Collected data:
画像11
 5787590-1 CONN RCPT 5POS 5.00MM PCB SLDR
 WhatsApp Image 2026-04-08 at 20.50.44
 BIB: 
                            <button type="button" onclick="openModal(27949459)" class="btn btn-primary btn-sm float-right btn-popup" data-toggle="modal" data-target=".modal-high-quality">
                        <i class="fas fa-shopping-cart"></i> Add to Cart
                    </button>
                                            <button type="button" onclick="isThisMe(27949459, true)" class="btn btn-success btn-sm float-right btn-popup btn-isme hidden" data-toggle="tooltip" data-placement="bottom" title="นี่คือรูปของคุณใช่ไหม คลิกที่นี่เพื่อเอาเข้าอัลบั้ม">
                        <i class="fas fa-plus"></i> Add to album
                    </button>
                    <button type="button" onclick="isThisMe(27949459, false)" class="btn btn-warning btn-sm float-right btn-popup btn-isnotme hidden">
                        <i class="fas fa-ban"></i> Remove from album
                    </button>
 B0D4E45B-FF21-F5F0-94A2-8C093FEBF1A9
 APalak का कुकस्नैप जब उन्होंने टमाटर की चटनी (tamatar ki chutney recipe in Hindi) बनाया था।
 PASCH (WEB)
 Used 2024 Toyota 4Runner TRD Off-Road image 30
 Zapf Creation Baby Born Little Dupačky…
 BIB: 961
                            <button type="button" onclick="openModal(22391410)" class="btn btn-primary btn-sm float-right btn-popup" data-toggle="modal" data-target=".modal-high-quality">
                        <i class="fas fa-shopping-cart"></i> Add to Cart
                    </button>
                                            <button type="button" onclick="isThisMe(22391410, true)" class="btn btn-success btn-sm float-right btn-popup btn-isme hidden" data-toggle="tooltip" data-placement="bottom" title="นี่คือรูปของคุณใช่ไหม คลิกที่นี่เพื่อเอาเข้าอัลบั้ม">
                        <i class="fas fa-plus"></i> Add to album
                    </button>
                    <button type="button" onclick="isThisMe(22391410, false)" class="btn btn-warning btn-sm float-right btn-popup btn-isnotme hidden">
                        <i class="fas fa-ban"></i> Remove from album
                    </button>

# About this task:
Write out the records shown above, exactly as they appear.

# Answer to this problem:
画像11
 5787590-1 CONN RCPT 5POS 5.00MM PCB SLDR
 WhatsApp Image 2026-04-08 at 20.50.44
 BIB: 
                            <button type="button" onclick="openModal(27949459)" class="btn btn-primary btn-sm float-right btn-popup" data-toggle="modal" data-target=".modal-high-quality">
                        <i class="fas fa-shopping-cart"></i> Add to Cart
                    </button>
                                            <button type="button" onclick="isThisMe(27949459, true)" class="btn btn-success btn-sm float-right btn-popup btn-isme hidden" data-toggle="tooltip" data-placement="bottom" title="นี่คือรูปของคุณใช่ไหม คลิกที่นี่เพื่อเอาเข้าอัลบั้ม">
                        <i class="fas fa-plus"></i> Add to album
                    </button>
                    <button type="button" onclick="isThisMe(27949459, false)" class="btn btn-warning btn-sm float-right btn-popup btn-isnotme hidden">
                        <i class="fas fa-ban"></i> Remove from album
                    </button>
 B0D4E45B-FF21-F5F0-94A2-8C093FEBF1A9
 APalak का कुकस्नैप जब उन्होंने टमाटर की चटनी (tamatar ki chutney recipe in Hindi) बनाया था।
 PASCH (WEB)
 Used 2024 Toyota 4Runner TRD Off-Road image 30
 Zapf Creation Baby Born Little Dupačky…
 BIB: 961
                            <button type="button" onclick="openModal(22391410)" class="btn btn-primary btn-sm float-right btn-popup" data-toggle="modal" data-target=".modal-high-quality">
                        <i class="fas fa-shopping-cart"></i> Add to Cart
                    </button>
                                            <button type="button" onclick="isThisMe(22391410, true)" class="btn btn-success btn-sm float-right btn-popup btn-isme hidden" data-toggle="tooltip" data-placement="bottom" title="นี่คือรูปของคุณใช่ไหม คลิกที่นี่เพื่อเอาเข้าอัลบั้ม">
                        <i class="fas fa-plus"></i> Add to album
                    </button>
                    <button type="button" onclick="isThisMe(22391410, false)" class="btn btn-warning btn-sm float-right btn-popup btn-isnotme hidden">
                        <i class="fas fa-ban"></i> Remove from album
                    </button>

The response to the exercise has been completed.